> **Exercise brief**: Among the entries below, please repeat exactly and only the lines from the line containing "Draufsicht auf ein" to the line containing "A reception area", both lines included.

> **Given data**:
========================================================================

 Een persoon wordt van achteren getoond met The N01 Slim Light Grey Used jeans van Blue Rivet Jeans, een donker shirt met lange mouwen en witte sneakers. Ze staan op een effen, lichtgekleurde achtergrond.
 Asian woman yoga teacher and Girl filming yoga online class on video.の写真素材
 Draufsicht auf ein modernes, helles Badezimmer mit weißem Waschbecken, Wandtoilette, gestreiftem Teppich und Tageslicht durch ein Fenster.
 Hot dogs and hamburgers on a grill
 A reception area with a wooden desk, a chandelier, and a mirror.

========================================================================

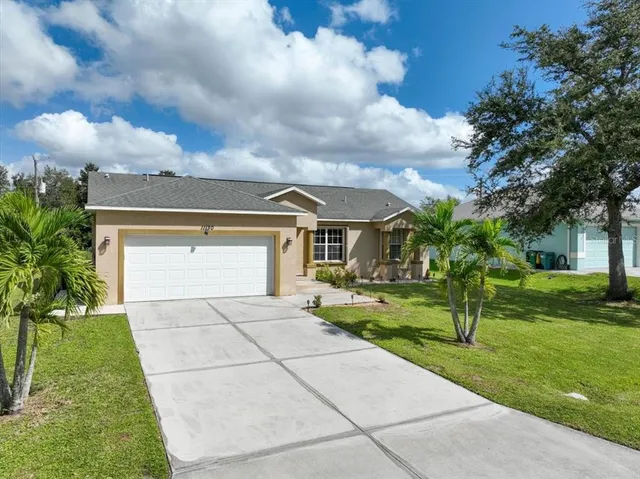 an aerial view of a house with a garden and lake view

========================================================================

> **Solution for this task**:
 Draufsicht auf ein modernes, helles Badezimmer mit weißem Waschbecken, Wandtoilette, gestreiftem Teppich und Tageslicht durch ein Fenster.
 Hot dogs and hamburgers on a grill
 A reception area with a wooden desk, a chandelier, and a mirror.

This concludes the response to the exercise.